> [WORK TASK]:
Take from the entries below the stretch from the line with "Dettaglio cinghia motore" through the line with "Are You Wooltoned?", and return it exactly, leaving the pictures out.

> [LISTED RECORDS]:
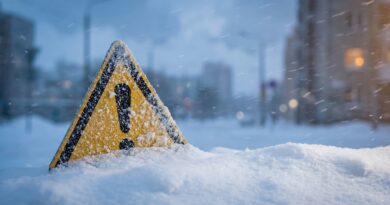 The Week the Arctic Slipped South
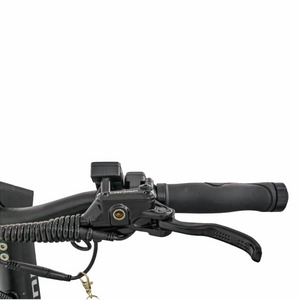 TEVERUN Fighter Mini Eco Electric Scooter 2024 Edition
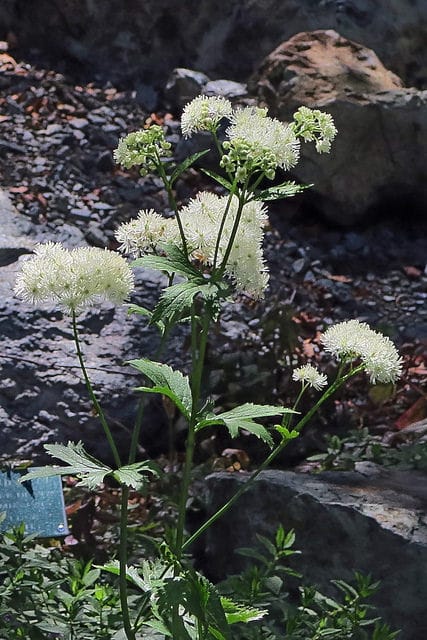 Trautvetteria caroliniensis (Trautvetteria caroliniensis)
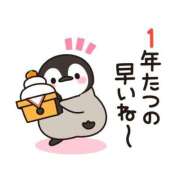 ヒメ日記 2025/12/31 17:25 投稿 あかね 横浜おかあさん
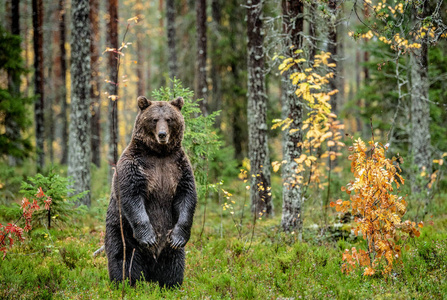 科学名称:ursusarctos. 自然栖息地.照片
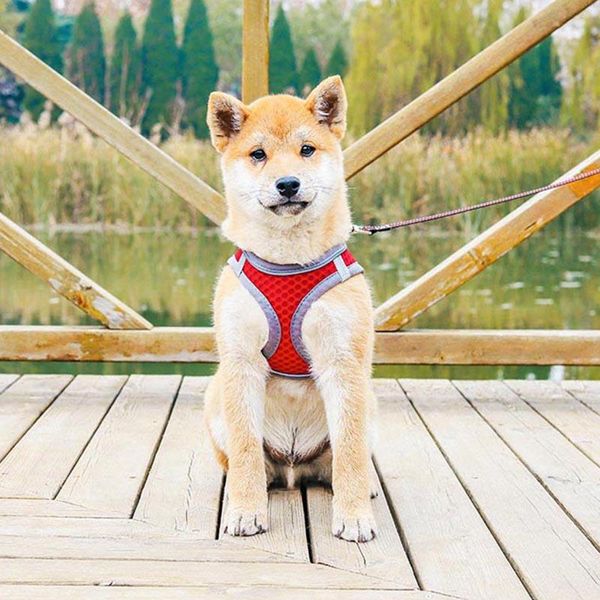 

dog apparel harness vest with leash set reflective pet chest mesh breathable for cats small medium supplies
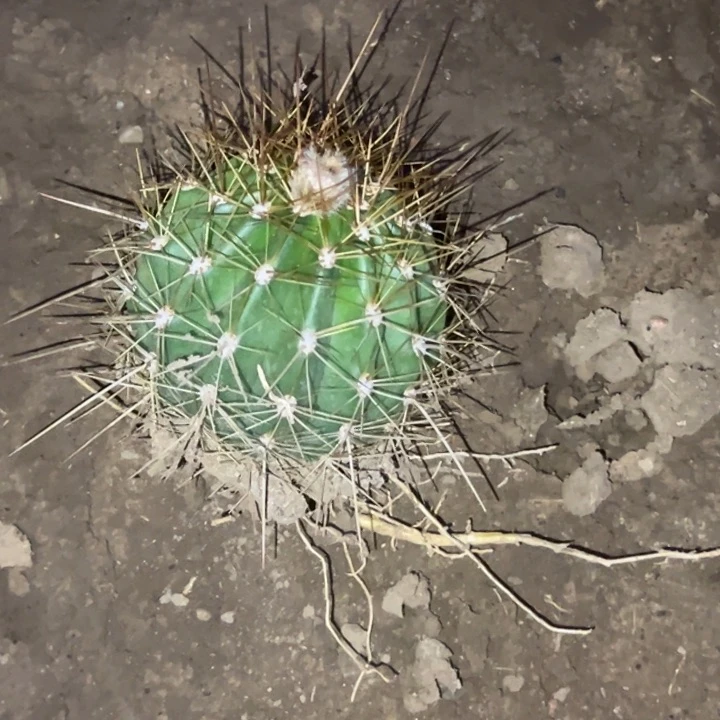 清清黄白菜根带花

--

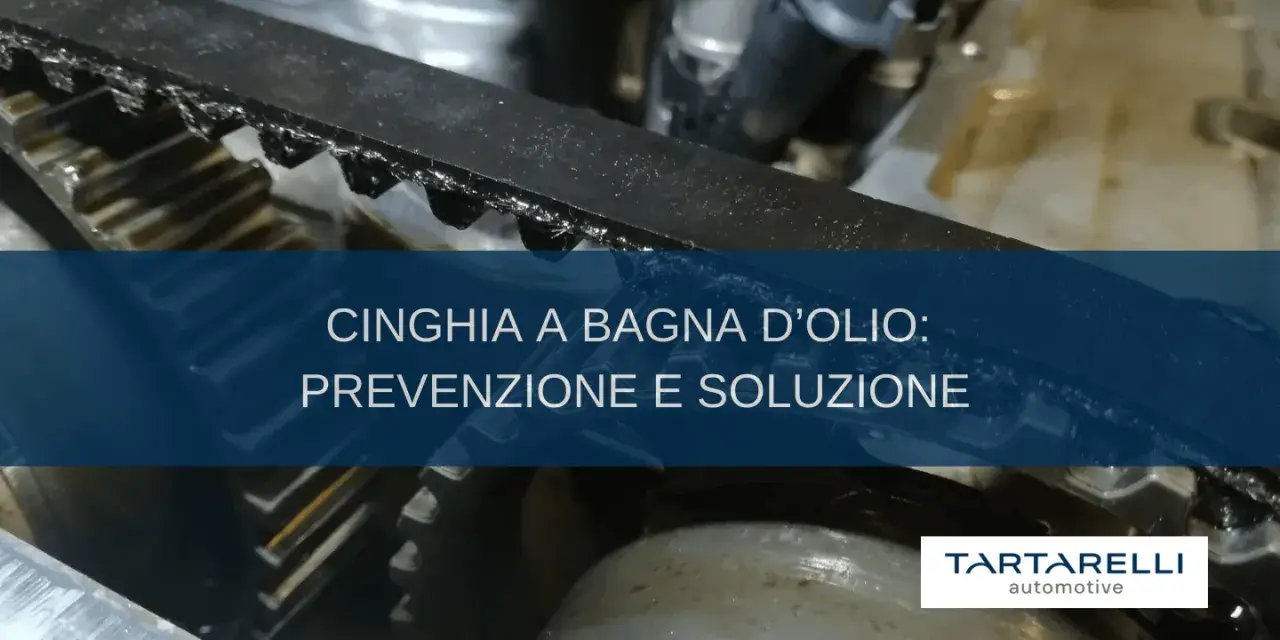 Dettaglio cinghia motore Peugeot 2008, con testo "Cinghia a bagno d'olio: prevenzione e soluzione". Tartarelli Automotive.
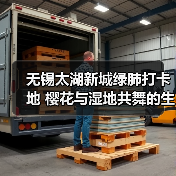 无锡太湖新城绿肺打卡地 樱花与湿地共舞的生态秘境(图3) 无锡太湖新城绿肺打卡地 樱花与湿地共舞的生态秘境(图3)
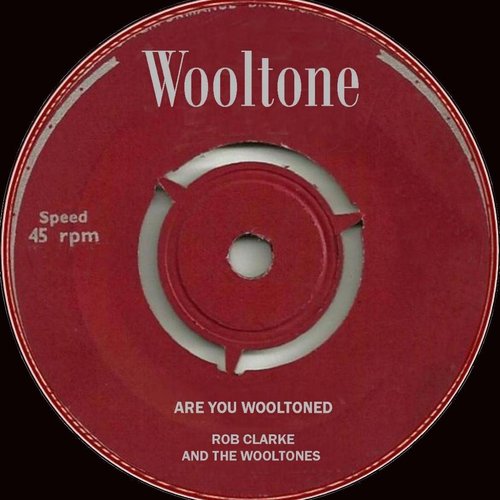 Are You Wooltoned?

--

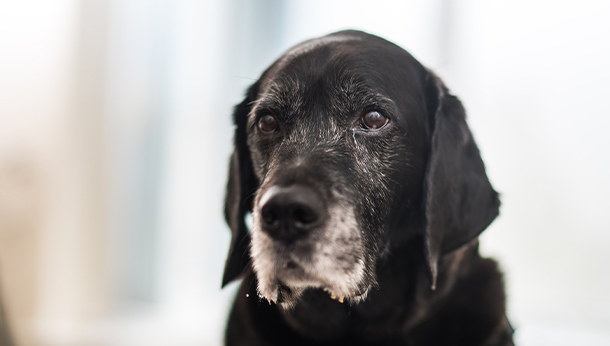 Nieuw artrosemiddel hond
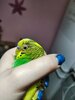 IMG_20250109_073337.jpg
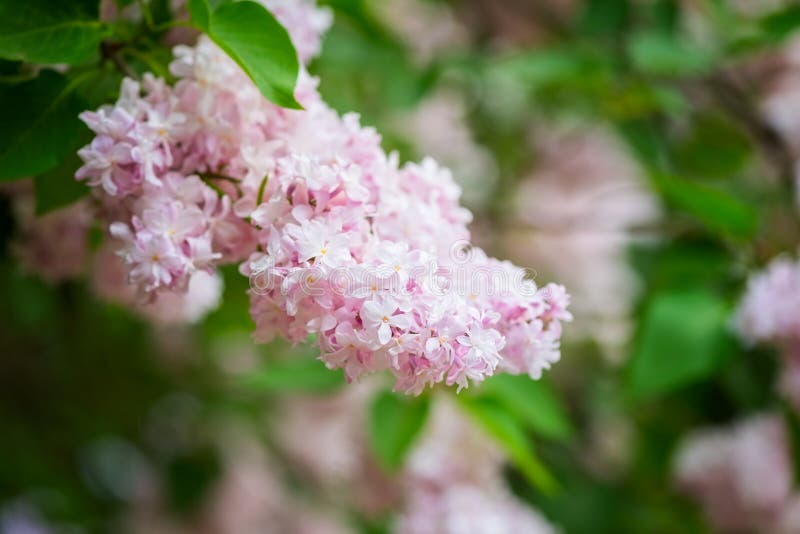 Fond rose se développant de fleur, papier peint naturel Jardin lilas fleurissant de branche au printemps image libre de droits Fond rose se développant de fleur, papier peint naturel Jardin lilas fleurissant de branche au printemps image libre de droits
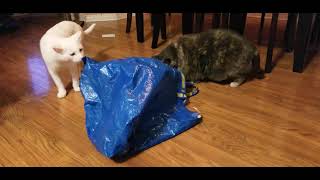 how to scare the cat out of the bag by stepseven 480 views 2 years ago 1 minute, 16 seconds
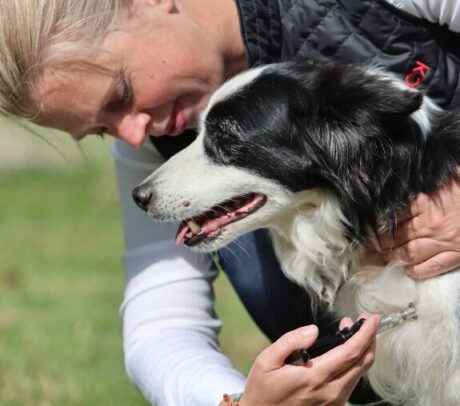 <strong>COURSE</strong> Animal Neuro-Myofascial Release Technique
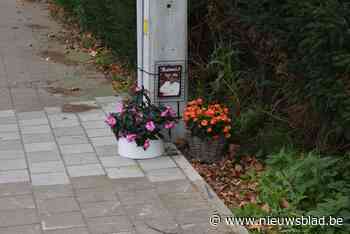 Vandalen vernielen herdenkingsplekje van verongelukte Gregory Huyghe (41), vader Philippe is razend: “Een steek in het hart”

> [SOLVED EXERCISE]:
 Dettaglio cinghia motore Peugeot 2008, con testo "Cinghia a bagno d'olio: prevenzione e soluzione". Tartarelli Automotive.
 无锡太湖新城绿肺打卡地 樱花与湿地共舞的生态秘境(图3) 无锡太湖新城绿肺打卡地 樱花与湿地共舞的生态秘境(图3)
 Are You Wooltoned?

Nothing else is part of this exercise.